Closed ironllamagirl closed 4 years ago

ironllamagirl commented 4 years ago

Hi. Thank you for this great package! I am trying to use the semantic search example in order to detect sentences belonging to specific topics. I translated the different topics to query sentences to use with the semantic search.

The problem is that I am getting a lot of noise in the results. Many of the 'matching' sentences to the queries I am using have nothing to do with the query yet they still have a smaller distance than other related sentences with bigger distance. Is there a way to avoid this? I am trying to solve this, as the use-case I am working on requires me to have as few noise sentences as possible, ideally none. I tried to play with the threshold distance but it is hard to guess which one works best.

The initial idea that I had was to apply a simple keyword search on the results of the semantic search to eliminate noise. However I am afraid that I could be losing many 'good' sentences since the list of keywords can't be completely exhaustive. I am afraid of losing good sentences that are semantically similar to the query but without containing any of the keywords I am choosing.

Another potential way to do this is to train a model so that it can tell if a sentence belongs to a certain topic or not - I haven't tried this yet. Could you please share your opinion/suggestions about this? I would really appreciate it. Thanks!

nreimers commented 4 years ago

Hi @ironllamagirl Can you provide some more information? Which model did you try? What type of data do you have?

What you describe is the same experience I have with sentence embeddings (I tried all common methods), that you get a lot of noise.

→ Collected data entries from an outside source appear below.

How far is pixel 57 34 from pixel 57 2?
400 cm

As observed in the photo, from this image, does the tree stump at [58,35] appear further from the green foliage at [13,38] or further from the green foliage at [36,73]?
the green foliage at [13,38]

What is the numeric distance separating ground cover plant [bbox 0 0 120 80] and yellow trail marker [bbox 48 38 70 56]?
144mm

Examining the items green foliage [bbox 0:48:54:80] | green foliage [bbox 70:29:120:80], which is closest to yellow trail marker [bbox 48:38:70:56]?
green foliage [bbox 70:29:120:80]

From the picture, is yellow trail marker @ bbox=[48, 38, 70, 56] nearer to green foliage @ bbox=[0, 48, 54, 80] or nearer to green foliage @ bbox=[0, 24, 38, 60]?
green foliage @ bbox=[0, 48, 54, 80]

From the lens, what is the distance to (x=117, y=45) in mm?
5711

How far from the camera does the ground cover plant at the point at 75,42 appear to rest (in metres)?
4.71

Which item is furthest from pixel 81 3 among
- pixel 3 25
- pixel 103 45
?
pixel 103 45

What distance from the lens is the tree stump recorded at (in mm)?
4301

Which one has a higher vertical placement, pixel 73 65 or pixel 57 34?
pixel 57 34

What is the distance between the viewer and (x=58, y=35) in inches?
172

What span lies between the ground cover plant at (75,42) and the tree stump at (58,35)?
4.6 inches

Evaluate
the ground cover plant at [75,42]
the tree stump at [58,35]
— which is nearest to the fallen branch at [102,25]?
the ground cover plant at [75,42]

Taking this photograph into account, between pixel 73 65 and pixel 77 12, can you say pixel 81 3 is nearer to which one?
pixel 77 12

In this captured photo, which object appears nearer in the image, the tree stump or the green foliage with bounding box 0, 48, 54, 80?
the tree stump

You can characterize methods by false positive and false negative rates: False positive: A dissimilar pair gets a high score and is falsely include in the top 10 False negative: A similar pair gets a low score and is not returned in the top 10 results

TF-IDF / BM-25 has low false positive rate but a high false negative rate, i.e., the result if finds are often relevant, but is sadly misses a lot of relevant pairs.

Sentence embeddings have the opposite characteristic: Low false negative rate, i.e, it finds all relevant pairs, but a high false positive rate, i.e., the top results often contain noise with non-relevant matches.

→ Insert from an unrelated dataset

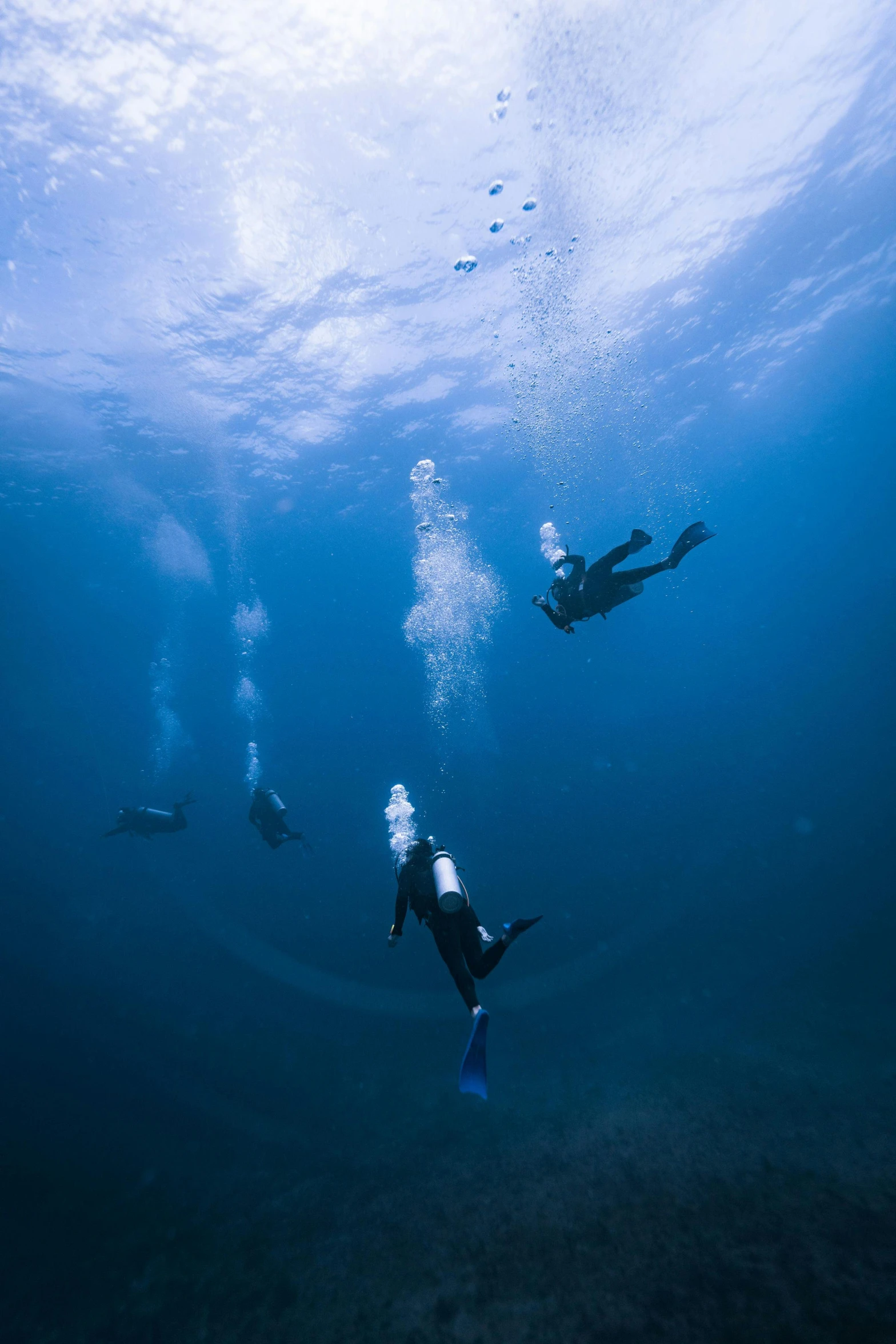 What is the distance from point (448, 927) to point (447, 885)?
76 centimetres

Currently I evaluate different approach for question based semantic similarity search. I hope that I can soon (~1 month) share some data + results on this with different experiments.

If computationally feasible, I think the best approach is a two step approach: Step 1) Retrieval: Retrieve with BM-25 and with sentence embedding search top-100 matches Step 2) Filtering: If possible, use BERT (or similar) and score every (query, candidate_i) pair and select the top-10 results.

For step 2 you would need some training data.

For retrieval with sentence embeddings, it could also make sense to train a model with triplet loss if you have some training data.

Best Nils Reimers

ironllamagirl commented 4 years ago

Hi @nreimers
Thank you for your response. The task that I have in hand is to retrieve text related to how companies deal with environmental issues/risks, from different text data sources. Ideally match the sentences to different issues related to the environment. The sample of data that I am working with so far are news articles about a few companies, where some discuss environment-related issues. So far I started with using the bert-base-nli-mean-tokens model directly, just like you have in the semantic search example. I got a lot of noise.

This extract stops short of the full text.